[About this exercise]
Return exactly the lines of the records below, starting at the line that contains "盧旺達(dá)警察VS艾丁切爾斯" and ending at the line that contains "知音漫客app怎么關(guān)閉閱讀彈幕", with both of those lines kept.

::: Records shown

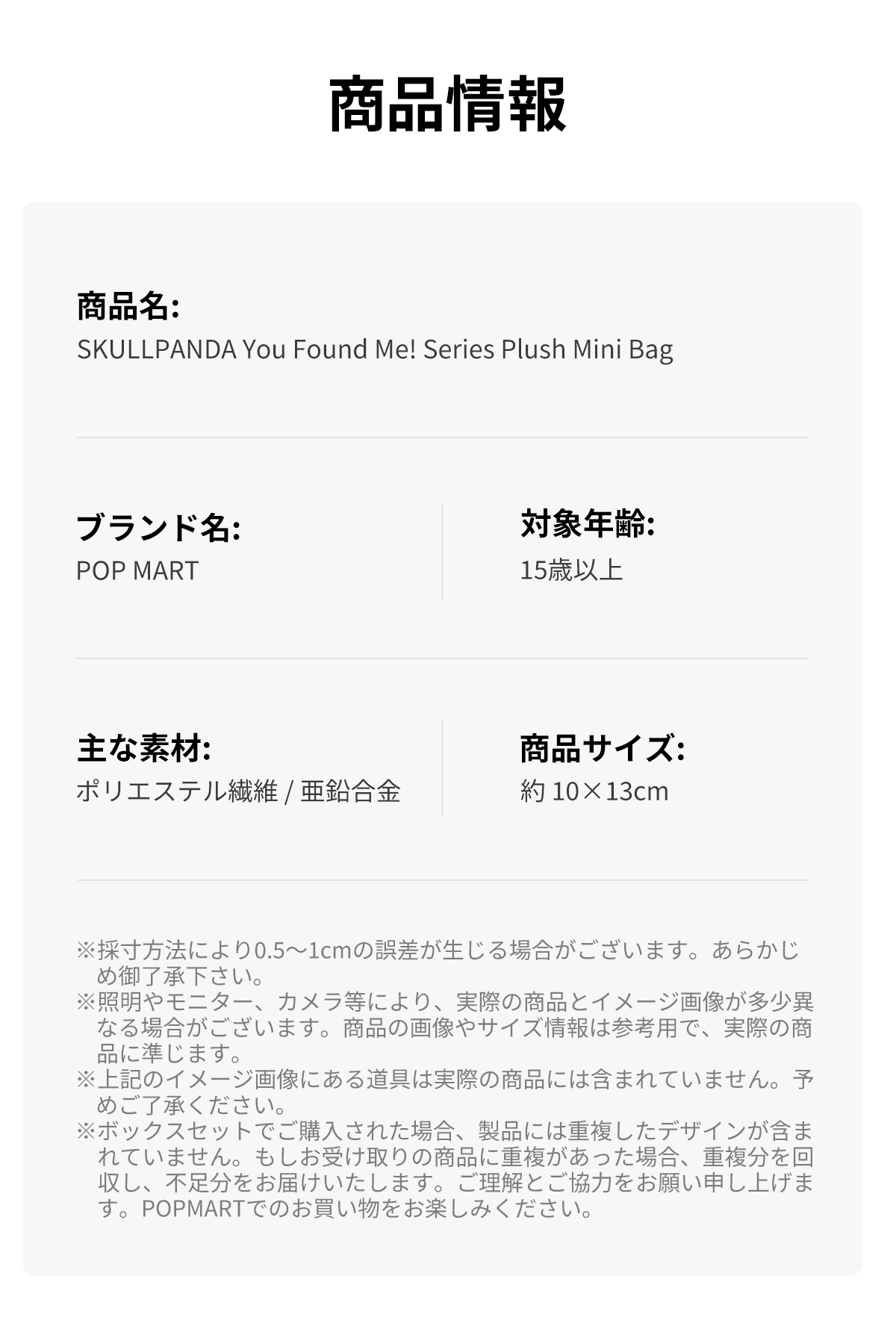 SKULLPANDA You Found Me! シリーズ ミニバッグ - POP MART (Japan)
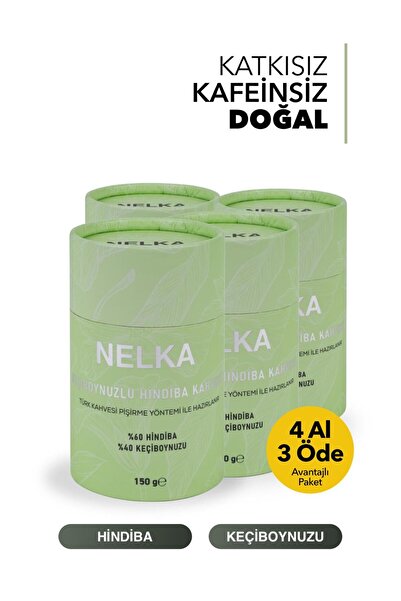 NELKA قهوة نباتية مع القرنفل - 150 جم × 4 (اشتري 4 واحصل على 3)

::::::
::: Records shown

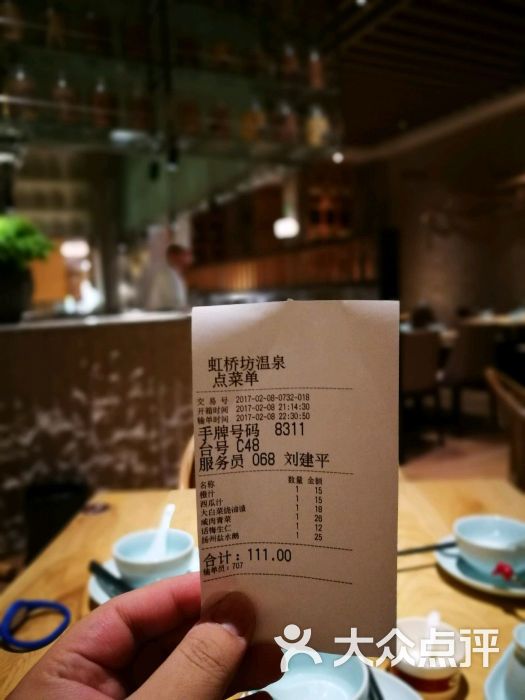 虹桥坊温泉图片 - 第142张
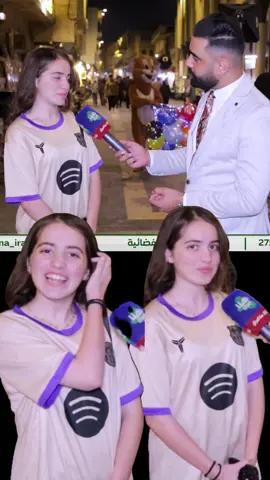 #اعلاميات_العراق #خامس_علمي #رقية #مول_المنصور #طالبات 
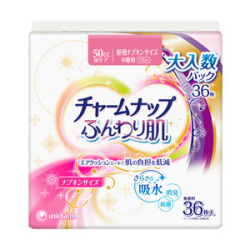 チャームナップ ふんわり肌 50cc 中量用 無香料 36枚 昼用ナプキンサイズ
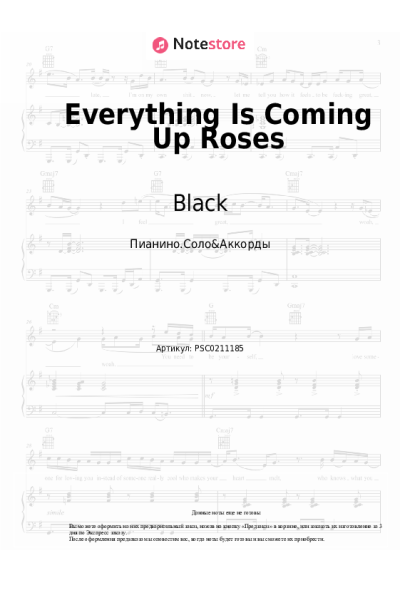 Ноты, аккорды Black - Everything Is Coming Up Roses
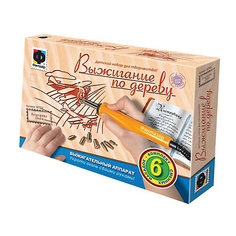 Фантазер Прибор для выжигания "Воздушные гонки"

::::::
::: Records shown

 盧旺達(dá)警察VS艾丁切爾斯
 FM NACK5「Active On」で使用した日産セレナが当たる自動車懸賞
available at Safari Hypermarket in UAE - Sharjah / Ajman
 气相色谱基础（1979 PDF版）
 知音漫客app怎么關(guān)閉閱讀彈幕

::::::

[Answer section]
 盧旺達(dá)警察VS艾丁切爾斯
 FM NACK5「Active On」で使用した日産セレナが当たる自動車懸賞
available at Safari Hypermarket in UAE - Sharjah / Ajman
 气相色谱基础（1979 PDF版）
 知音漫客app怎么關(guān)閉閱讀彈幕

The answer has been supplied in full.